AKM’nin yıkımına nihayet başlandı. Yıllardır bir hayalet gibi İstanbul’un tam merkezinde öylesine, giderek daha da hırpalanan görüntüsüyle duran AKM artık yeniden inşa sürecine girecek. Benim için çelişkili duygular demektir bu bina. Bir yanda çocukluğumun o çok özlediğim cumartesileri... Babam ve annemle iki haftada bir cumartesi sabah 11.00’de gittiğimiz çocuk opera ve baleleri... Lise yıllarımda arkadaşlarla buluşmanın değişmez adresi: AKM önü. Üniversitede bilet bulup konser izlediğimiz AKM akşamları...
Diğer yanda tüm bu duygusal izdüşümlerine rağmen gözümü kapayamayacağım bir çirkinlik abidesi.. Estetikten yoksun, sanki Sovyet döneminden kalma, karanlık, bireyi ezen, yaratıcılığı öldüren mimarisi...

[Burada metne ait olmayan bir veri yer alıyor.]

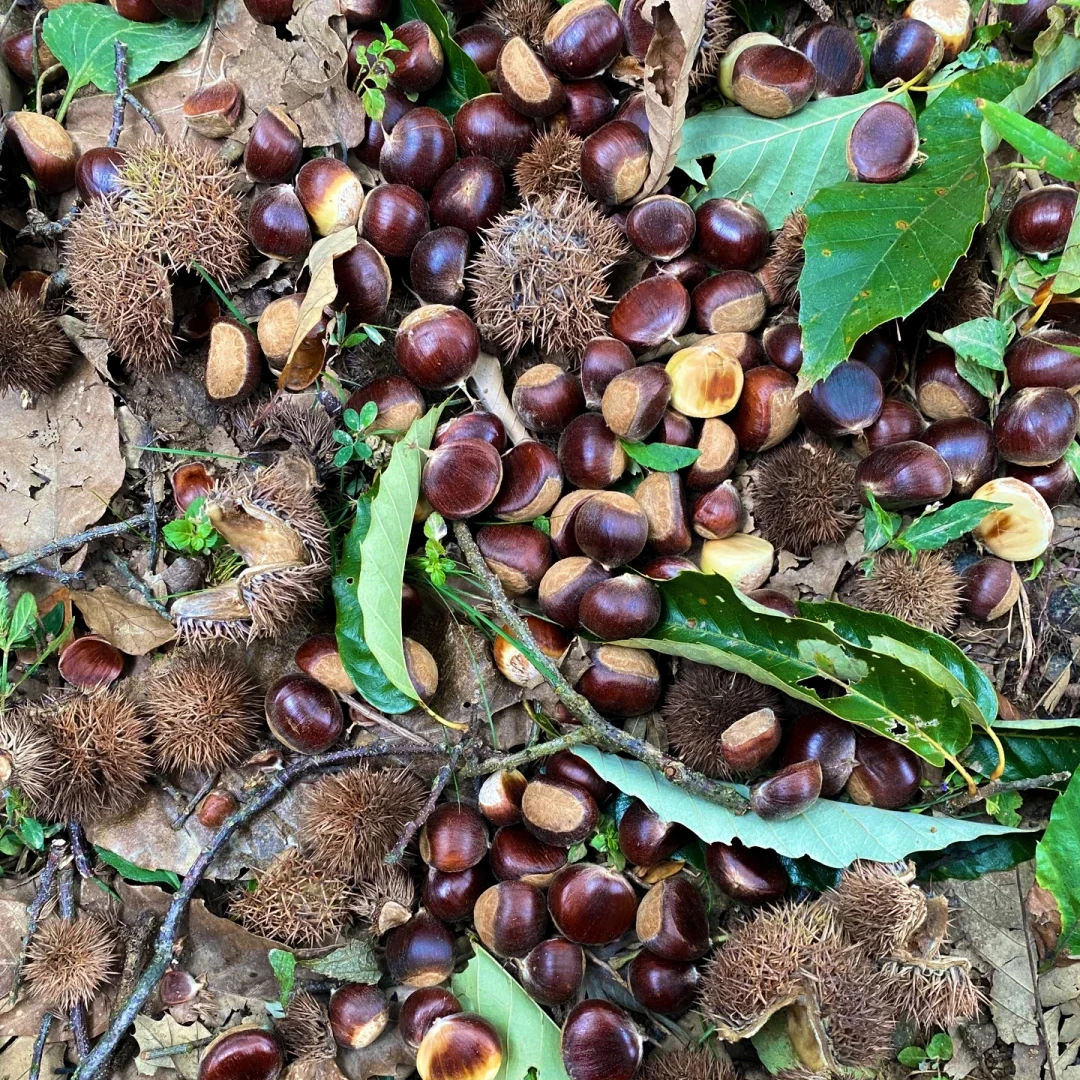 大凉山高山老树生板栗当季新鲜生板栗糖炒油炸做菜炖汤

Dolayısıyla onun çağrıştırdıklarını sevip özlemekle birlikte AKM’yi elbette ki İstanbul’a hiçbir zaman yakıştıramadım. “Yaptırmayız”, “İstemeyiz”diye özetlenebilecek tepkileri ve kapısına kilit vurulmuş halini görmek ise bir İstanbullunun geçmişinin silinmesini görmek demekti. Acı verici. Unutmak isteyeceğin, kötü bir rüya gibi...
Çok şükür bu süreç bitti. AKM yıkılıyor. Fakat şimdi de ortada koskoca ve hayati bir soru var: Yerine ne yapılacak?